The full set of lines below has to be duplicated exactly, with no picture kept.

■ **Dataset content**
-------
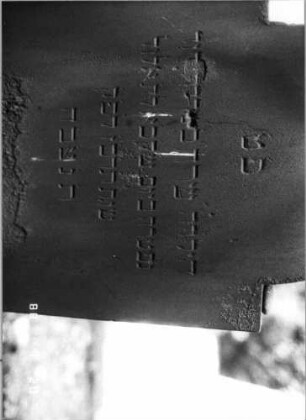 Grabstein 334 (Index: 100094661) Material: Sandstein Zustand: unten leicht abgeblättert m. Textverlust Maße HxBxT: 77x45x12 cm Beschreibung: Stele, eingezogener Rundbogenabschluß: Grabstein 334A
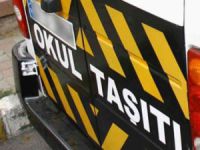 Bursa'da öğrenci servisiyle kamyonet çarpıştı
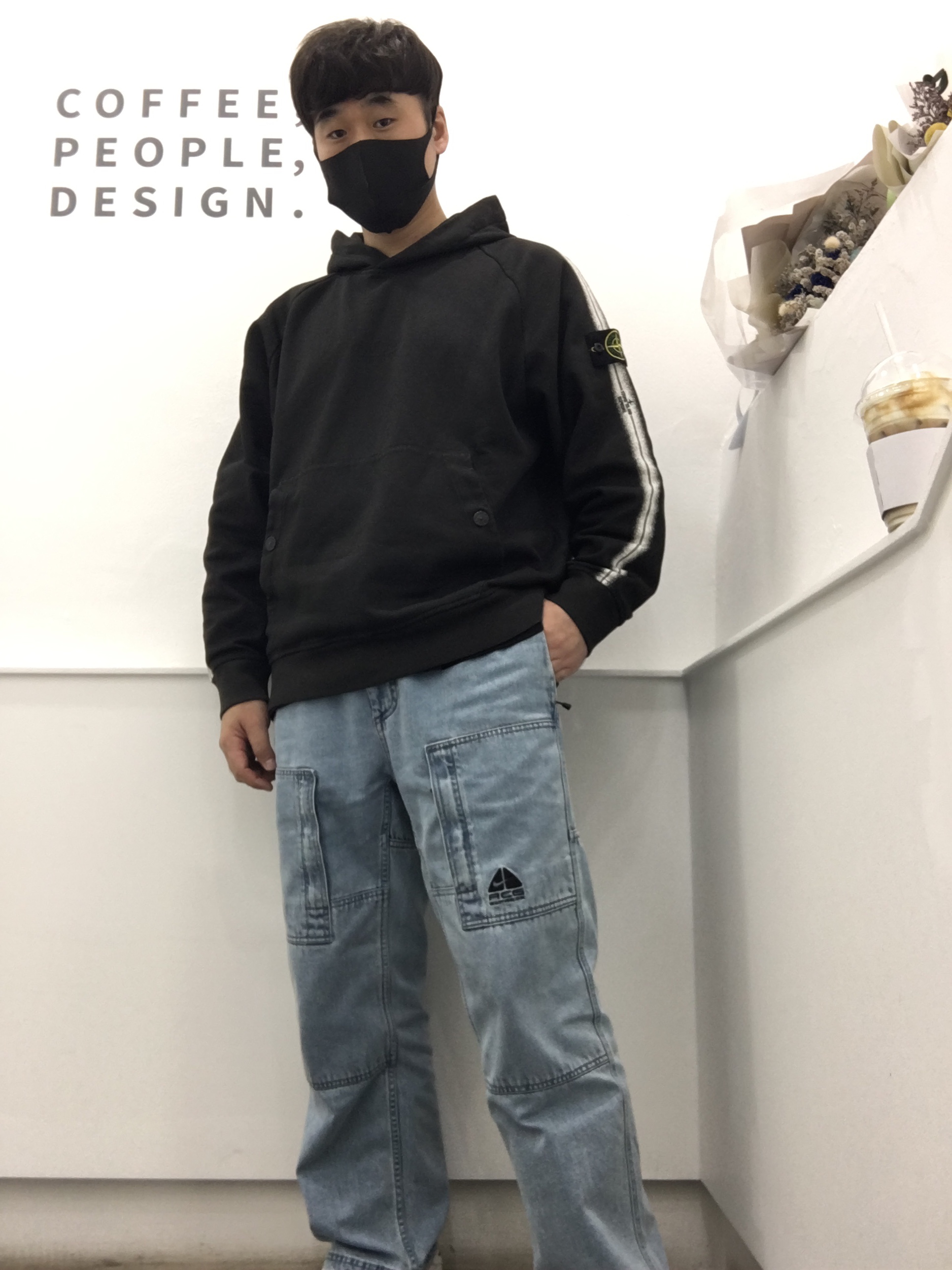 Supreme x Stone Island Stripe Hooded Sweatshirt Black - 22SS, Supreme x Nike ACG Belted Denim Pants Washed Blue - 22FW 착용 스타일 - 2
-------
■ **Task response**
 Grabstein 334 (Index: 100094661) Material: Sandstein Zustand: unten leicht abgeblättert m. Textverlust Maße HxBxT: 77x45x12 cm Beschreibung: Stele, eingezogener Rundbogenabschluß: Grabstein 334A
 Bursa'da öğrenci servisiyle kamyonet çarpıştı
 Supreme x Stone Island Stripe Hooded Sweatshirt Black - 22SS, Supreme x Nike ACG Belted Denim Pants Washed Blue - 22FW 착용 스타일 - 2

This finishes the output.